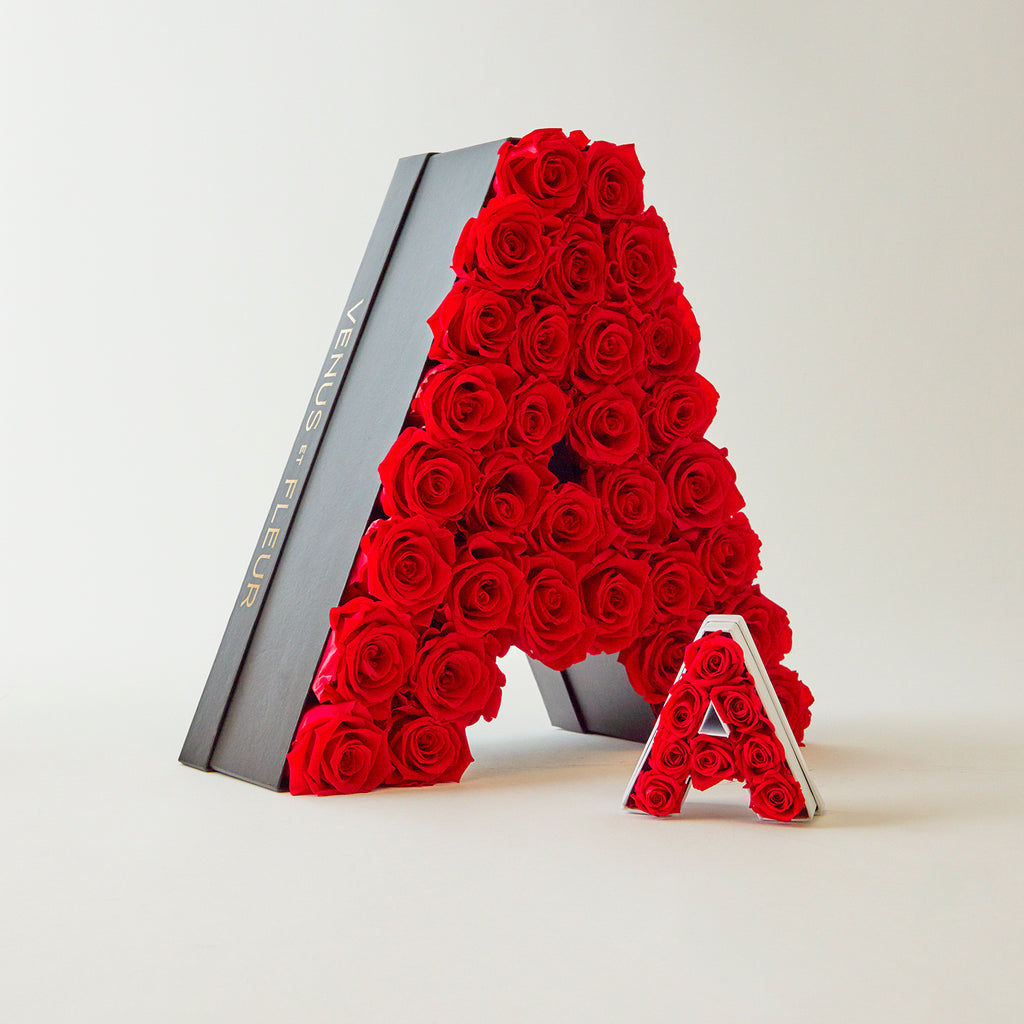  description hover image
--
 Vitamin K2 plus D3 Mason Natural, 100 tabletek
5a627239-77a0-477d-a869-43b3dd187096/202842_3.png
...
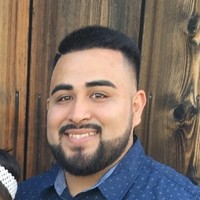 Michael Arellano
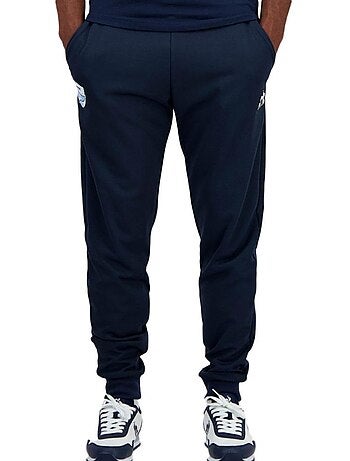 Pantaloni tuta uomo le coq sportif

Your goal | Look above for the line with "Michael Arellano"; quote it and every line after it, stopping after the line with "Pantaloni tuta uomo le coq sportif", exactly, with nothing added and without pictures.

Written reply |
 Michael Arellano
 Pantaloni tuta uomo le coq sportif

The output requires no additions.